Hebe era una profesora de filosofía de secundaria jubilada, tenía aspecto de señora apacible, parecía la tía de cualquiera. Una de esas tías de la que uno podría esperar tardes aburridas, tés larguísimos, preguntas sobre novias. Algo así debían de pensar de Flannery O´Connor quienes la conocieron, sin sospechar que bajo la enfermiza solterona amante de los pavos reales había una conciencia más dura que las piedras. El primer texto que leí de Hebe fue una novelita poco conocida, recogida en ese libro, Memorias de un pigmeo. En cierto modo se pareció a la experiencia de cortarse con un vidrio, a esas situaciones en las que ni siquiera se siente la herida, sino que solo se percibe la extrañeza, para luego asombrarse de cómo gotea la sangre. Los textos de Hebe eran afilados como los de Flannery, los de Natalia Ginzburg, pero sin dejar de ser domésticos. Compartía también con esas grandes damas de la literatura un sentido del humor fino, un poco hiriente, como son hirientes las bromas de un hermano, pero también amorosas, como es amoroso el rencor de una madre, pero también devastador. Lo primero que me sorprendió fue el bajo perfil de su sabiduría, exenta siempre de frases retóricas, su falta de deseo de asombrar (como si asombrar fuese en realidad un poco de mal gusto), sus tramas invisibles, sus personajes densísimos y descritos con solo una frase o un giro lingüístico. Los adjetivos casi se contaban con los dedos. El vocabulario literario de Hebe no debía de tener más de dos mil palabras, todas ellas comunes y corrientes. Los libros parecían ir inexorablemente hacia su final desde la primera línea, como seguramente también vamos nosotros inexorablemente a nuestro final, sin darnos cuenta, o dándonos cuenta, qué sé yo. Hebe era el epítome de lo anticool y sin embargo era todo lo que yo quería ser y escribir. Hablaba como yo quería hablar. Era segura sin ser pretenciosa. No tenía miedo de que no la quisieran. Era sabia sin ser petulante. Era literaria sin ser florida. Tenía un estilo despojado, al hueso, pero confortable. Y a la vez, de un modo maravilloso, era tan dura, no sé cómo, no hacía ni media concesión. Era como si Hebe Uhart se hubiese inventado un género llamado realismo. Realismo uhartiano. A la manera en que también lo hicieron Alice Munro. O, también, Pavese. O Chejov.
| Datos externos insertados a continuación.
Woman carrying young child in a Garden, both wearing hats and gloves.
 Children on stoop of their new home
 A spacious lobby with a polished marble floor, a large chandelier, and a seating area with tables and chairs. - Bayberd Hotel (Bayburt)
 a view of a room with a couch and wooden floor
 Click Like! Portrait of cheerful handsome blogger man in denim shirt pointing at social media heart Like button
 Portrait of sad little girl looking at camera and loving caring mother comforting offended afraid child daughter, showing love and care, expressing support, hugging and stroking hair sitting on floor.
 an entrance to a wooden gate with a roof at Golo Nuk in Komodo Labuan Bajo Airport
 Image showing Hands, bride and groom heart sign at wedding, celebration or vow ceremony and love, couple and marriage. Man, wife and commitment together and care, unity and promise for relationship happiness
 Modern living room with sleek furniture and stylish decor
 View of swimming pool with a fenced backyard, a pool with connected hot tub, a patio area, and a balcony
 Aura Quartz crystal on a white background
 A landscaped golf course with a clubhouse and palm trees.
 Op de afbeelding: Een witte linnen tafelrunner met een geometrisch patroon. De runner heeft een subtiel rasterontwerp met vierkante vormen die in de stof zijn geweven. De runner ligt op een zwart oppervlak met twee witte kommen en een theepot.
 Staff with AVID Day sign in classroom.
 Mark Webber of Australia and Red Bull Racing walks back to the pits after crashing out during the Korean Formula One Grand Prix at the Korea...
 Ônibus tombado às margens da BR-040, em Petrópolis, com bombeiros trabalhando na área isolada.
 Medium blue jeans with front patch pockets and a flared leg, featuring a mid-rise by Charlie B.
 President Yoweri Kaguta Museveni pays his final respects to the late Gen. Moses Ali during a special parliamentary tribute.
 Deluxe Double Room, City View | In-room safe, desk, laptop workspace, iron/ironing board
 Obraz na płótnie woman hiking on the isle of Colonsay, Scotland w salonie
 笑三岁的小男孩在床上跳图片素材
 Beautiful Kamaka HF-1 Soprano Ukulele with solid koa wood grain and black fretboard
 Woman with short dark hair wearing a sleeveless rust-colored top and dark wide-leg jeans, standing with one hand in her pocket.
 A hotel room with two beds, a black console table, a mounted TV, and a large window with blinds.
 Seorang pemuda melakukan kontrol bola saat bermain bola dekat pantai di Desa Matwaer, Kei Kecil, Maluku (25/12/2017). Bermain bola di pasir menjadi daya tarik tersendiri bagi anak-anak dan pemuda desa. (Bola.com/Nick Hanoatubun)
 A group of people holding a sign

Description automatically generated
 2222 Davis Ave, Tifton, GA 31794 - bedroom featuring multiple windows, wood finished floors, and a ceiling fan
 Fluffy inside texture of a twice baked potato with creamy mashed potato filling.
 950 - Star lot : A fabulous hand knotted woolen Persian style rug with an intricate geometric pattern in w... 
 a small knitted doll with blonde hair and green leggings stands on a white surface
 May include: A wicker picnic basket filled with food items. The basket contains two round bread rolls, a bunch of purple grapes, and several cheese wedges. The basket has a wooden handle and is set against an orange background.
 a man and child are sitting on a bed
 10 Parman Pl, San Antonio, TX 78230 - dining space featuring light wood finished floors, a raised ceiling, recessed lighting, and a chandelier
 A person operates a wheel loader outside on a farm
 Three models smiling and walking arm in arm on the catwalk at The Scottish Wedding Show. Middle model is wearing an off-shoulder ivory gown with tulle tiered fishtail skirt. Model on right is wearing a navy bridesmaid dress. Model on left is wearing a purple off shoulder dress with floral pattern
Por fin conseguí su número. La llamé después de que Eduardo Muslip la pusiera de sobreaviso. Que si me gustaba el té, preguntó por teléfono. ¿No me importaba ir a su casa?, no le apetecía salir. Le llevé un libro mío que dejó sin mirar sobre una mesilla. Había una salita con una mesa larga, donde luego me dijo que daba sus talleres. Parecía la tía de cualquiera. Parecía la casa de la tía de cualquiera. Que si me gustaban las plantas, preguntó. Que si el té lo quería negro o cómo. Yo intenté hablar sin éxito de Memorias de un pigmeo. Ella no tenía ganas de hablar de Memorias de un pigmeo. Yo insistí. Le dije que era un libro maravilloso, le dije que me parecía un clásico y ella chasqueó la lengua y dijo bah mientras ponía el saquito de té en la tetera. Que qué plantas me gustaban, preguntó. Yo no sabía nada de plantas. Los geranios, dije. Mirá vos, dijo ella. Tenía ganas de enseñarme sus plantas. Estaban todas en la terraza, en macetas chicas. Tenía una hiedra verde, pequeña. Es la planta que más quiero, dijo, yo comprendo para dónde quiere ir y ella entiende para dónde yo la quiero guiar. Apenas recuerdo nada de esa tarde. Solo que apenas conseguimos hablar de literatura. Recuerdo que me hacía preguntas desconcertantes: ¿Me parecían maleducados los niños de Buenos Aires? ¿Pensaba yo que tendría que poner las plantas en mazos más estructurados, más compactos? Me dio la sensación de que me había olvidado antes incluso de que saliera de su casa, que me decía querido solo por no tener que volver a preguntarme cómo le había dicho me llamaba.